BEGIN Provided information

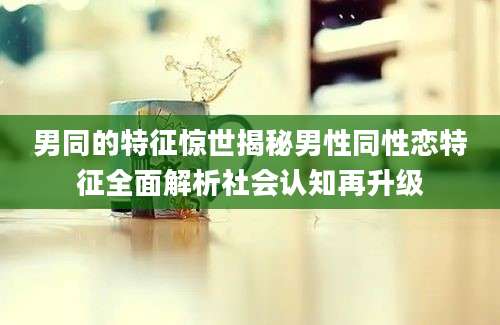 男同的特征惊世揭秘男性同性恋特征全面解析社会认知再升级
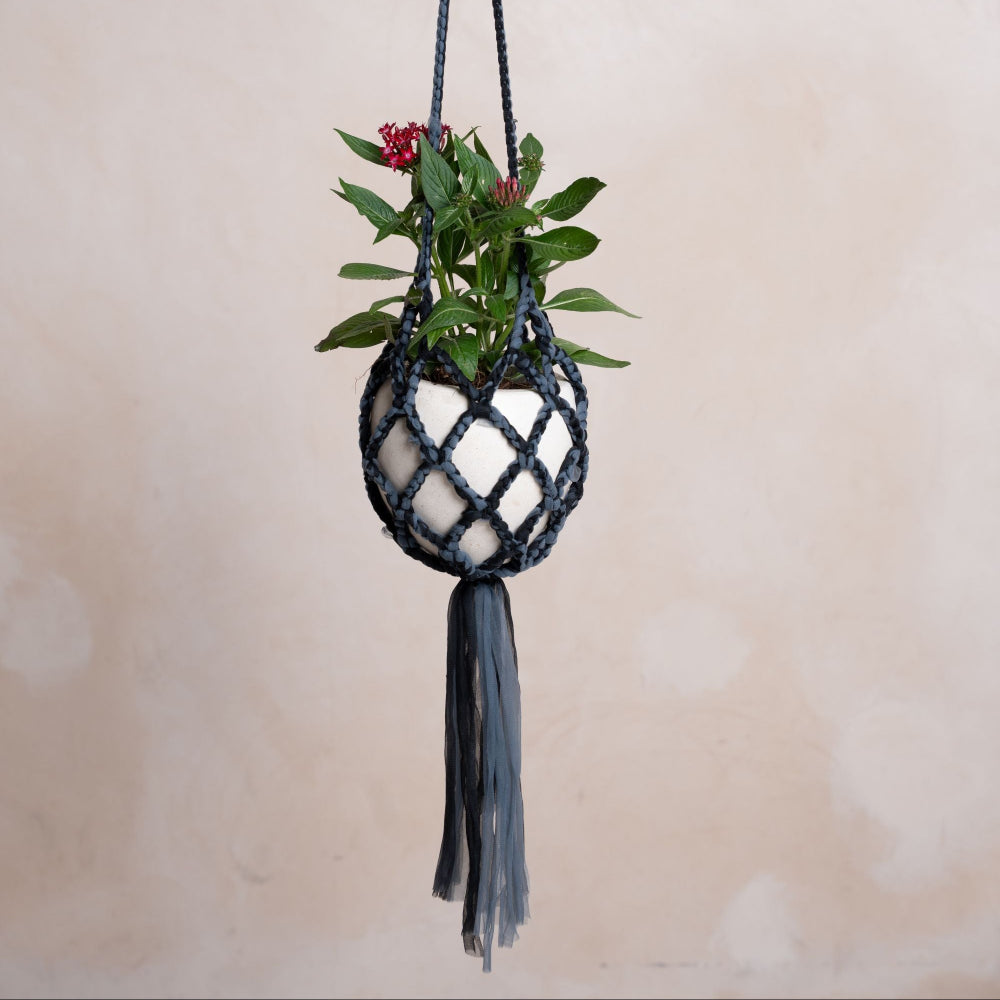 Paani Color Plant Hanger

END Provided information
BEGIN Provided information

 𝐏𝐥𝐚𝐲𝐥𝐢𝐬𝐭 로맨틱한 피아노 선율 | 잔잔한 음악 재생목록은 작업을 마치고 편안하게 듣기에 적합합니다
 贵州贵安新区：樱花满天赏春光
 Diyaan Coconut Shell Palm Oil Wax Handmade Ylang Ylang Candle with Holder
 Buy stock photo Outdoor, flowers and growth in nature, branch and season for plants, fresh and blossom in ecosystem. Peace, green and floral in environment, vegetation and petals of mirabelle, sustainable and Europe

END Provided information

* What needs to be done: Copy exactly the material above from the line with "男同的特征惊世揭秘男性同性恋特征全面解析社会认知再升级" to the line with "Paani Color Plant Hanger", ends included, and nothing else. Leave out any picture.

* Your solution:
 男同的特征惊世揭秘男性同性恋特征全面解析社会认知再升级
 Paani Color Plant Hanger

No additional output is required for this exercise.